Using Borland’s C++ Builder to create
Resource DLLs
by Jean-Pierre Martel, editor of the dBulletin


In a previous article, we saw how to use Borland's Resource Workshop to store images (icons and BMPs, exclusively) in a DLL. Unfortunately, as soon as the number of resources stored in a DLL created by Resource Workshop gets around 30, dBASE chokes on some of them. The images can be seen and selected when one tries to datalink a control to a resource. However, as soon as the OK button is pushed, an error message appears saying that the resource can't be found.

In our 13th issue, Dan Howard wrote an article on how to use Borland's free C++ Compiler to create a resource DLL. Of course, what's possible with the compiler is also possible with the full application. In the present article, we will use version 4.0 of Borland's C++ Builder. The complete version of that application was given for free with the May 2000 issue of the PC Plus (anUK magazine). For those who missed the occasion, I wouldn't be suprised if Borland would repeat the experience in the future.
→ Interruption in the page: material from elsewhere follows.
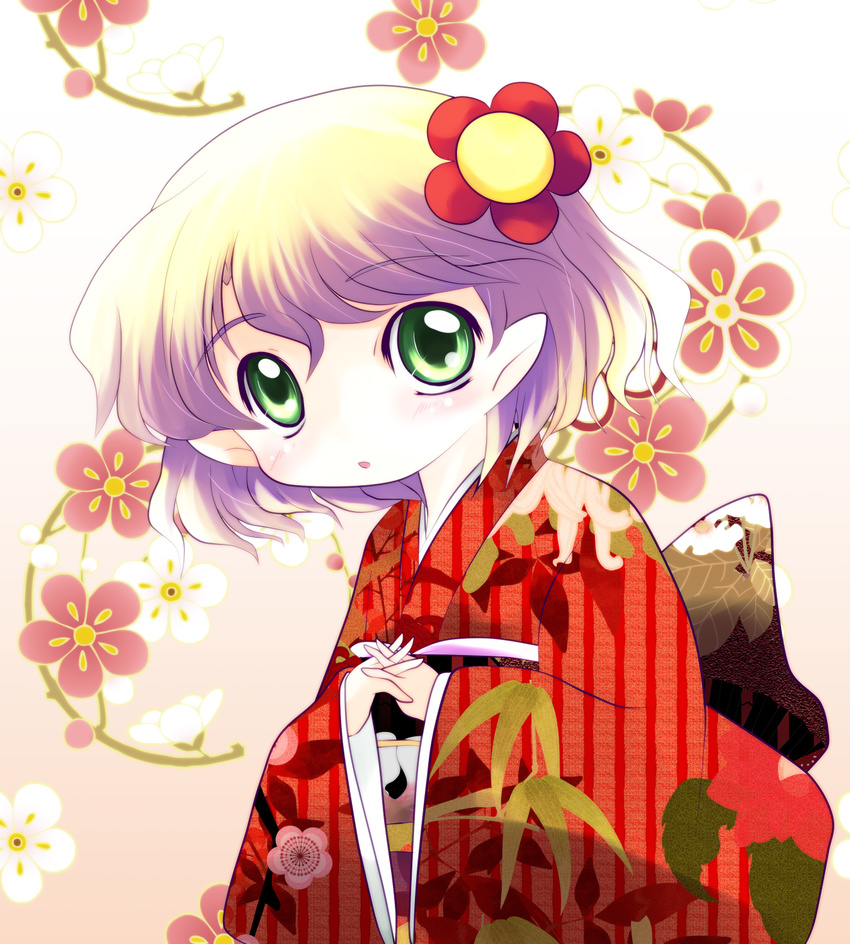 blonde_hair flower green_eyes hair_ornament highres japanese_clothes kimono mizuhashi_parsee obi pointy_ears sash short_hair solo touhou yume_shokunin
To create a resource DLL, there is only one prerequisite: we need a .RC resource file. A .RC file is just a special ASCII file in which the names of the images to be included in the DLL are listed. Since the main module of that compiler is a DOS executable, the short name of the images must be used in that .RC file.

To create a resource DLL, load C++ Builder. Select the menu item File|New… then, in the New Items dialog box, select the Console Wizard icon (not the DLL icon) and click the OK button. In the Console Application Wizard dialog box, select the DLL radiobutton and click the Finish pushbutton.

C++ Builder will open a new floating Windows called “ProjectX” (“X” being the number of the Project). Select the menu item Project|Add to Project…. At the bottom of the Add to project dialog box, there is a combobox: select the item Resource files (*.rc) in order to display the .RC files. Go to the appropriate folder and select your .RC file. The line USERC("PathName\ResourceFileName.rc"); will be added to the C++ code. Click the Open pushbutton.

Select the menu item Project|Build Project: a new DLL that bears the same name as your Project will be created. That DLL will be located in \Projects sub-folder (one of the C++Builder sub-folders).


dBASE is completly unable to create DLLs. C++ Builder fill that gap and completes very well dBASE. Contrary to Borland's Resource Workshop, C++ Builder can store a large number of images in a resource DLL and is not limited to .ICO and .BMP files.